Hmm, interesting as I have that table clustered starting with the
rep_component, so 'ps_probe' will definitely appear later in a sequential
scan. So why does the <order by> force the use of the index?
Regards!
Ed
On Thu, 29 Apr 2004, Tom Lane wrote:
> Manfred Koizar <mkoi-pg@aon.at> writes:
> > The planner thinks that the seq scan has a startup cost of 0.00, i.e.

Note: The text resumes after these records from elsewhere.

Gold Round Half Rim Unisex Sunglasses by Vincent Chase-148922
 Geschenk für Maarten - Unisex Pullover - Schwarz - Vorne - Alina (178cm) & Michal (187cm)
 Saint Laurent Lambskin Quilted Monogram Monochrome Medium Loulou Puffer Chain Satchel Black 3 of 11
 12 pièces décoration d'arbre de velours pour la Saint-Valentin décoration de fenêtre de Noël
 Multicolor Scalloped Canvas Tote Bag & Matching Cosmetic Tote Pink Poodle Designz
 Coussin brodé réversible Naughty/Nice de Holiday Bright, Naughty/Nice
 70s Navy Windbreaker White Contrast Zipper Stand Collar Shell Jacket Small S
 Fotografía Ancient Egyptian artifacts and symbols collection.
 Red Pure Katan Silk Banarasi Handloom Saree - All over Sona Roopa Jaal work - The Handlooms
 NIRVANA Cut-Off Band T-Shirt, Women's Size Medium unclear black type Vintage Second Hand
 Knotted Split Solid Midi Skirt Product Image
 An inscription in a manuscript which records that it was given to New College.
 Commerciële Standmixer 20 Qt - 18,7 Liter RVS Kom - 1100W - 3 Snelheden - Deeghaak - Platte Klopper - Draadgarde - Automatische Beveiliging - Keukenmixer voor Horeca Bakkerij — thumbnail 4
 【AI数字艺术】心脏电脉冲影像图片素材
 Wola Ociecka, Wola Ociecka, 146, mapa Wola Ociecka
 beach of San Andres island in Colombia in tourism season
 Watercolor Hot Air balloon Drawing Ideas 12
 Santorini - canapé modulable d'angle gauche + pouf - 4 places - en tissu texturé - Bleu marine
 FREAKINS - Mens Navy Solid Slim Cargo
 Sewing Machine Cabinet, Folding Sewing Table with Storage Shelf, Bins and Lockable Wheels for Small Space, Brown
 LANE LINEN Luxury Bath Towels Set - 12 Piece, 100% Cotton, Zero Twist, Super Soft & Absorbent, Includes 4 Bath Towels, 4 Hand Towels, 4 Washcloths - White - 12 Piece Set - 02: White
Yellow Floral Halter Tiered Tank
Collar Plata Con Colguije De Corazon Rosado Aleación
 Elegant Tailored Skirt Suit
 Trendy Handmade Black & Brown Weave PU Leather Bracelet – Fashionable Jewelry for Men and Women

> > that it can return the first tuple immediately, which is obviously not
> > true in the presence of a filter condition.
>
> Not really --- the startup cost is really defined as "cost expended
> before we can start scanning for results". The estimated cost to select
> N tuples is actually "startup_cost + N*(total_cost-startup_cost)/M",
> where M is the estimated total rows returned. This is why the LIMIT
> shows a nonzero estimate for the cost to fetch 1 row.
>
> > Unfortunately there's no
> > easy way to fix this, because the statistics information does not have
> > information about the physical position of tuples with certain vaules.
>
> Yeah, I think the real problem is that the desired rows are not
> uniformly distributed, and in fact there are none near the start of the
> table. We do not keep stats detailed enough to let the planner discover
> this, so it has to estimate on the assumption of uniform distribution.
> On that assumption, it looks like a seqscan will hit a suitable tuple
> quickly enough to be faster than using the index.
>
> regards, tom lane
>